=== RECORD SET ===

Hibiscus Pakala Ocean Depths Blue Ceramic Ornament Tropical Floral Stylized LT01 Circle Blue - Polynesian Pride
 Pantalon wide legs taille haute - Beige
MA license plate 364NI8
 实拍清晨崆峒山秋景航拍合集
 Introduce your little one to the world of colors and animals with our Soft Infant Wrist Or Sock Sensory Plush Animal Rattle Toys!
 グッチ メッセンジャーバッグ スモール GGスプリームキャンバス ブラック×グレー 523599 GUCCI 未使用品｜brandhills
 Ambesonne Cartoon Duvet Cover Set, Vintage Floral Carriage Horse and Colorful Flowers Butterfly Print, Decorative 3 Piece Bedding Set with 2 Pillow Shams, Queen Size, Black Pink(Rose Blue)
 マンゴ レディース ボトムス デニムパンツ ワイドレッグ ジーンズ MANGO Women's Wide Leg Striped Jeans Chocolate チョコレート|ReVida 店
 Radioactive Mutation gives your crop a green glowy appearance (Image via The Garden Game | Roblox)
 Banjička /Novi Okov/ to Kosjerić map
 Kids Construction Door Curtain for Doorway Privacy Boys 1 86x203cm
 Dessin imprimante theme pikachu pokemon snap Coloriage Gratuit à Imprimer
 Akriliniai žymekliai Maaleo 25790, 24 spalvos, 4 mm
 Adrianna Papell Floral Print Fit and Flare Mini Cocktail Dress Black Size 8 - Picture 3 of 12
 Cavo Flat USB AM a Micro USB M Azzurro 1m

=== WORK INSTRUCTIONS ===
Would you reproduce, word for word, the lines from the one holding "Adrianna Papell Floral" through the final line of the entries, both included?

=== TASK ANSWER ===
 Adrianna Papell Floral Print Fit and Flare Mini Cocktail Dress Black Size 8 - Picture 3 of 12
 Cavo Flat USB AM a Micro USB M Azzurro 1m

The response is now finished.